• Your task
Please output every entry below precisely as written.
__________________________________________________
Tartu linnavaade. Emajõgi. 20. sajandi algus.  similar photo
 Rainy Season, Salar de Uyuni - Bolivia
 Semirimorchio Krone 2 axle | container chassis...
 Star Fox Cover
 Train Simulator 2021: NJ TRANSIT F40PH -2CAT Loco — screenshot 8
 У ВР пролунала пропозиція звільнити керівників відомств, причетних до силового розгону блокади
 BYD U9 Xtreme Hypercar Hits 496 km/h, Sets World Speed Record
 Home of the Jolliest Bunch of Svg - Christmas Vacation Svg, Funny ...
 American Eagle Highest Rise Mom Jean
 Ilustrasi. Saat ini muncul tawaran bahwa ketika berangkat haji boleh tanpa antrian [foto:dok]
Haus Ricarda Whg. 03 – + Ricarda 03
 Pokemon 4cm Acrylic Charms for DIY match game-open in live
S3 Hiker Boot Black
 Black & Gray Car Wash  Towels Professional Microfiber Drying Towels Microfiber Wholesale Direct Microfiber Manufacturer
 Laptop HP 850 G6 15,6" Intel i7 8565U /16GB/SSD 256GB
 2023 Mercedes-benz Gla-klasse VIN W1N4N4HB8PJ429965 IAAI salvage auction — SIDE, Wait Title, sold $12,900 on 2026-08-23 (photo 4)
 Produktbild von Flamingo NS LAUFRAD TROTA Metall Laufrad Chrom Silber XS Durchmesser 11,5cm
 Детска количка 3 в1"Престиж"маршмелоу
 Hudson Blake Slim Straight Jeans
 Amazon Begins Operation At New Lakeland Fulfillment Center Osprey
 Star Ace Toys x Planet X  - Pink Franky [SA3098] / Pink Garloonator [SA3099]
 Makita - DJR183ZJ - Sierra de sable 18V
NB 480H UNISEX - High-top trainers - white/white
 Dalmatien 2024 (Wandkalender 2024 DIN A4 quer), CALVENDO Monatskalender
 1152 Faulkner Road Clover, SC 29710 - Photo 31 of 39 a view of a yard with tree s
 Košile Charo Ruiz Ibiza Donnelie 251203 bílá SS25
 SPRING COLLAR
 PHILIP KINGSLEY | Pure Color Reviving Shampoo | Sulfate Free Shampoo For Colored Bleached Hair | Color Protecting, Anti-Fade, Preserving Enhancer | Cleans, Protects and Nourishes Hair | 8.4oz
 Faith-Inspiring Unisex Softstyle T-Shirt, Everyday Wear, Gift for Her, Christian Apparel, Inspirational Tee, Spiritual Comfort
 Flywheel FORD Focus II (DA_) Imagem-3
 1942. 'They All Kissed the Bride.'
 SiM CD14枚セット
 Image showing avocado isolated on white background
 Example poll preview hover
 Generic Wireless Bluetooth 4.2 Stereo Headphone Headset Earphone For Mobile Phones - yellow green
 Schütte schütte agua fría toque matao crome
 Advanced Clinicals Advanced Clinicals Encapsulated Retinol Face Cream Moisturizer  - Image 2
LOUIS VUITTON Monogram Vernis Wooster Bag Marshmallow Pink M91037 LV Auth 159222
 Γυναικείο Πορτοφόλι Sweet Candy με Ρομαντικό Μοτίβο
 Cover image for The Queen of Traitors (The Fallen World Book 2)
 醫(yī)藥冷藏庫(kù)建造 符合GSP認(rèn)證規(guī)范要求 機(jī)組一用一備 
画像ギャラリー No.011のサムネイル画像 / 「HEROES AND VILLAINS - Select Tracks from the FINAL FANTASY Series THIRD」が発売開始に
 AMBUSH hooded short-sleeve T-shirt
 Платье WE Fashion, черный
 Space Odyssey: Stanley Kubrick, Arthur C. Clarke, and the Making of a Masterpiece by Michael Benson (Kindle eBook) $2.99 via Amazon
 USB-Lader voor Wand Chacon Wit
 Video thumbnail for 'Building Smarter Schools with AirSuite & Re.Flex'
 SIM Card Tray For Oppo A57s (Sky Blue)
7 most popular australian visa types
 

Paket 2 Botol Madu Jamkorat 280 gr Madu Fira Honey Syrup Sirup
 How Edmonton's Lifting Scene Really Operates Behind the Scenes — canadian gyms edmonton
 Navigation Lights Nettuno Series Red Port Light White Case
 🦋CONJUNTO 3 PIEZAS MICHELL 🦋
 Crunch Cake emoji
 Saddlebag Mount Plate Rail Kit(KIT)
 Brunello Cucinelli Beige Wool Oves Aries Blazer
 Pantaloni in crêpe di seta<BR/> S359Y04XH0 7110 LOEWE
__________________________________________________
• Written reply
Tartu linnavaade. Emajõgi. 20. sajandi algus.  similar photo
 Rainy Season, Salar de Uyuni - Bolivia
 Semirimorchio Krone 2 axle | container chassis...
 Star Fox Cover
 Train Simulator 2021: NJ TRANSIT F40PH -2CAT Loco — screenshot 8
 У ВР пролунала пропозиція звільнити керівників відомств, причетних до силового розгону блокади
 BYD U9 Xtreme Hypercar Hits 496 km/h, Sets World Speed Record
 Home of the Jolliest Bunch of Svg - Christmas Vacation Svg, Funny ...
 American Eagle Highest Rise Mom Jean
 Ilustrasi. Saat ini muncul tawaran bahwa ketika berangkat haji boleh tanpa antrian [foto:dok]
Haus Ricarda Whg. 03 – + Ricarda 03
 Pokemon 4cm Acrylic Charms for DIY match game-open in live
S3 Hiker Boot Black
 Black & Gray Car Wash  Towels Professional Microfiber Drying Towels Microfiber Wholesale Direct Microfiber Manufacturer
 Laptop HP 850 G6 15,6" Intel i7 8565U /16GB/SSD 256GB
 2023 Mercedes-benz Gla-klasse VIN W1N4N4HB8PJ429965 IAAI salvage auction — SIDE, Wait Title, sold $12,900 on 2026-08-23 (photo 4)
 Produktbild von Flamingo NS LAUFRAD TROTA Metall Laufrad Chrom Silber XS Durchmesser 11,5cm
 Детска количка 3 в1"Престиж"маршмелоу
 Hudson Blake Slim Straight Jeans
 Amazon Begins Operation At New Lakeland Fulfillment Center Osprey
 Star Ace Toys x Planet X  - Pink Franky [SA3098] / Pink Garloonator [SA3099]
 Makita - DJR183ZJ - Sierra de sable 18V
NB 480H UNISEX - High-top trainers - white/white
 Dalmatien 2024 (Wandkalender 2024 DIN A4 quer), CALVENDO Monatskalender
 1152 Faulkner Road Clover, SC 29710 - Photo 31 of 39 a view of a yard with tree s
 Košile Charo Ruiz Ibiza Donnelie 251203 bílá SS25
 SPRING COLLAR
 PHILIP KINGSLEY | Pure Color Reviving Shampoo | Sulfate Free Shampoo For Colored Bleached Hair | Color Protecting, Anti-Fade, Preserving Enhancer | Cleans, Protects and Nourishes Hair | 8.4oz
 Faith-Inspiring Unisex Softstyle T-Shirt, Everyday Wear, Gift for Her, Christian Apparel, Inspirational Tee, Spiritual Comfort
 Flywheel FORD Focus II (DA_) Imagem-3
 1942. 'They All Kissed the Bride.'
 SiM CD14枚セット
 Image showing avocado isolated on white background
 Example poll preview hover
 Generic Wireless Bluetooth 4.2 Stereo Headphone Headset Earphone For Mobile Phones - yellow green
 Schütte schütte agua fría toque matao crome
 Advanced Clinicals Advanced Clinicals Encapsulated Retinol Face Cream Moisturizer  - Image 2
LOUIS VUITTON Monogram Vernis Wooster Bag Marshmallow Pink M91037 LV Auth 159222
 Γυναικείο Πορτοφόλι Sweet Candy με Ρομαντικό Μοτίβο
 Cover image for The Queen of Traitors (The Fallen World Book 2)
 醫(yī)藥冷藏庫(kù)建造 符合GSP認(rèn)證規(guī)范要求 機(jī)組一用一備 
画像ギャラリー No.011のサムネイル画像 / 「HEROES AND VILLAINS - Select Tracks from the FINAL FANTASY Series THIRD」が発売開始に
 AMBUSH hooded short-sleeve T-shirt
 Платье WE Fashion, черный
 Space Odyssey: Stanley Kubrick, Arthur C. Clarke, and the Making of a Masterpiece by Michael Benson (Kindle eBook) $2.99 via Amazon
 USB-Lader voor Wand Chacon Wit
 Video thumbnail for 'Building Smarter Schools with AirSuite & Re.Flex'
 SIM Card Tray For Oppo A57s (Sky Blue)
7 most popular australian visa types
 

Paket 2 Botol Madu Jamkorat 280 gr Madu Fira Honey Syrup Sirup
 How Edmonton's Lifting Scene Really Operates Behind the Scenes — canadian gyms edmonton
 Navigation Lights Nettuno Series Red Port Light White Case
 🦋CONJUNTO 3 PIEZAS MICHELL 🦋
 Crunch Cake emoji
 Saddlebag Mount Plate Rail Kit(KIT)
 Brunello Cucinelli Beige Wool Oves Aries Blazer
 Pantaloni in crêpe di seta<BR/> S359Y04XH0 7110 LOEWE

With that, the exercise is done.